## About this task
Each entry has to be given again in its exact wording, and no picture may appear in the result.

## Provided information
⟨

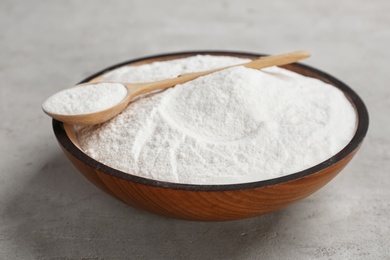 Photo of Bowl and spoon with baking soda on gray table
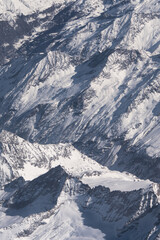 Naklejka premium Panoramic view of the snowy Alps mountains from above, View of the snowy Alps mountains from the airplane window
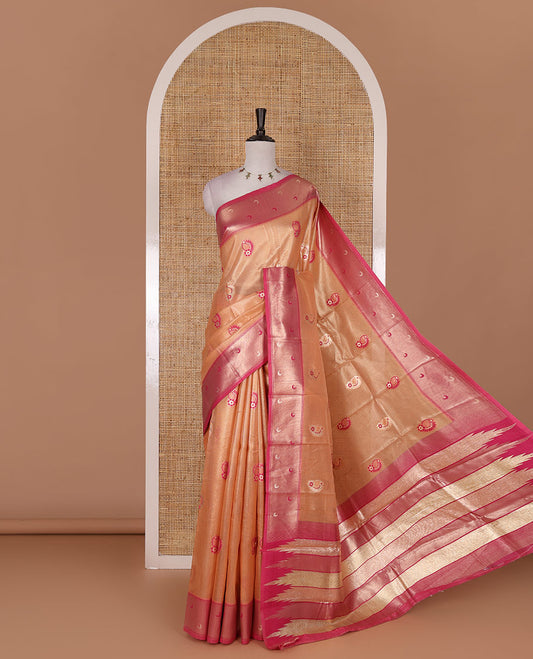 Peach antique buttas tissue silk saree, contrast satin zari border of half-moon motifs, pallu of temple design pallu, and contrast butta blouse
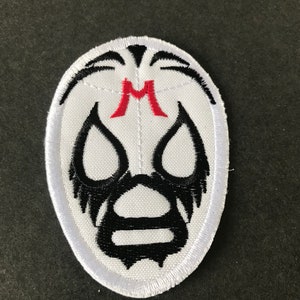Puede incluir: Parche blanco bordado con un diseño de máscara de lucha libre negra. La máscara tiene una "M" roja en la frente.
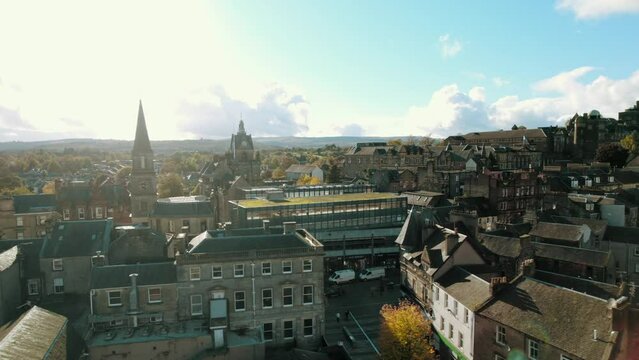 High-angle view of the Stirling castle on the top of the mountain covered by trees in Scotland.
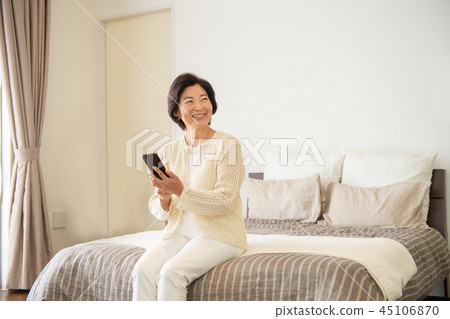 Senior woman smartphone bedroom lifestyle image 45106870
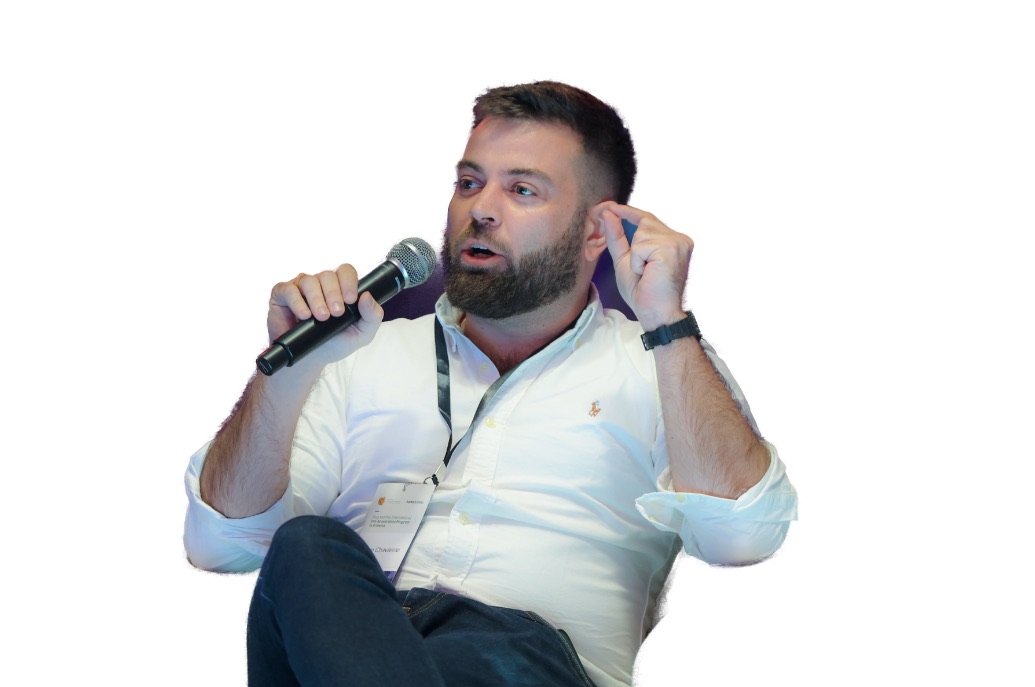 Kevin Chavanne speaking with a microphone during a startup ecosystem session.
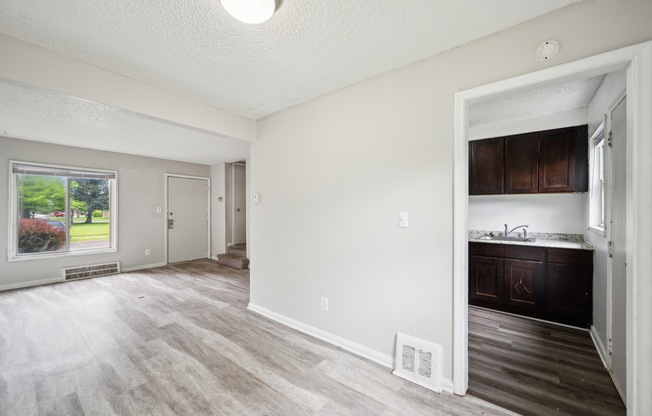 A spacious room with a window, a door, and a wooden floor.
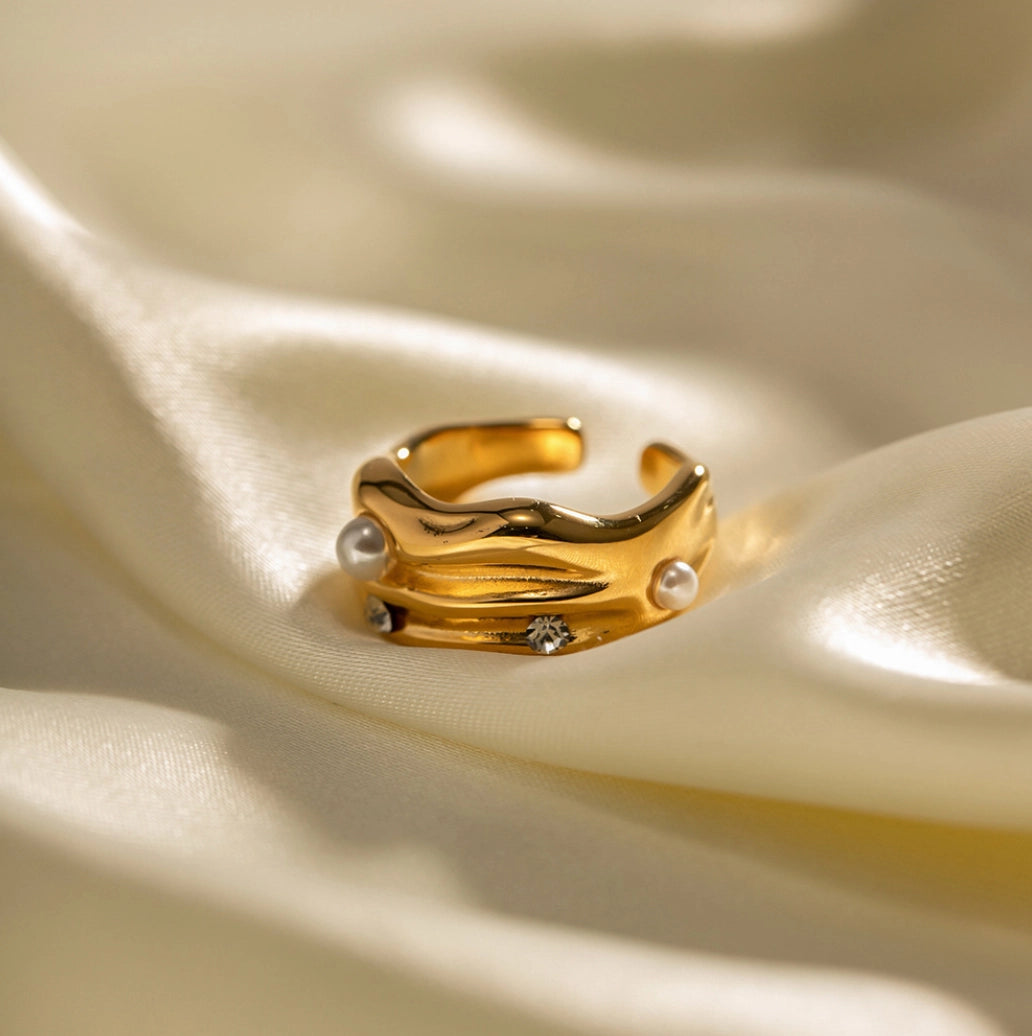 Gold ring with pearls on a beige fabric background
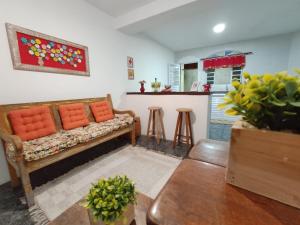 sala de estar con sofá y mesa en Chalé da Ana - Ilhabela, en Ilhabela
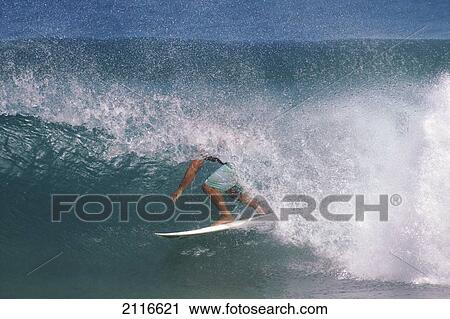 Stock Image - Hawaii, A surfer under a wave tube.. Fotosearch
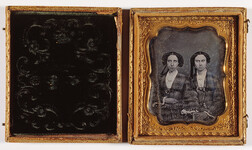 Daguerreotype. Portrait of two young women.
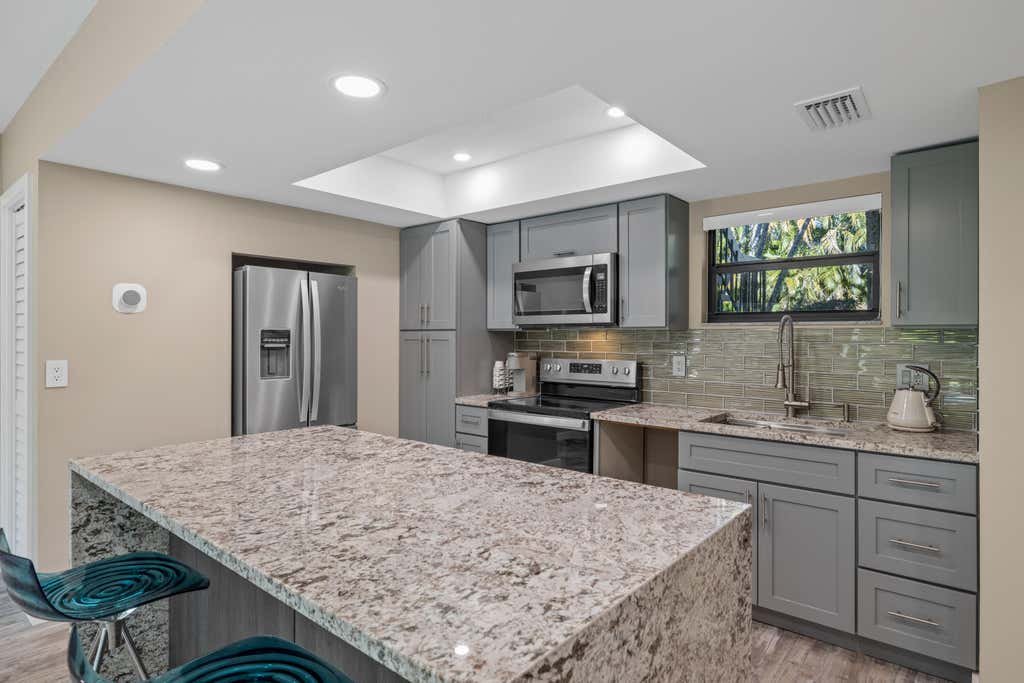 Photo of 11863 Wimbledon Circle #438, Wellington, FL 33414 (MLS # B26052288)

⟩

## Response to this exercise
 Photo of Bowl and spoon with baking soda on gray table
 Naklejka premium Panoramic view of the snowy Alps mountains from above, View of the snowy Alps mountains from the airplane window
 Peach antique buttas tissue silk saree, contrast satin zari border of half-moon motifs, pallu of temple design pallu, and contrast butta blouse
Puede incluir: Parche blanco bordado con un diseño de máscara de lucha libre negra. La máscara tiene una "M" roja en la frente.
 High-angle view of the Stirling castle on the top of the mountain covered by trees in Scotland.
 Senior woman smartphone bedroom lifestyle image 45106870
 Kevin Chavanne speaking with a microphone during a startup ecosystem session.
 A spacious room with a window, a door, and a wooden floor.
 Gold ring with pearls on a beige fabric background
 sala de estar con sofá y mesa en Chalé da Ana - Ilhabela, en Ilhabela
 Stock Image - Hawaii, A surfer under a wave tube.. Fotosearch
 Daguerreotype. Portrait of two young women.
 Photo of 11863 Wimbledon Circle #438, Wellington, FL 33414 (MLS # B26052288)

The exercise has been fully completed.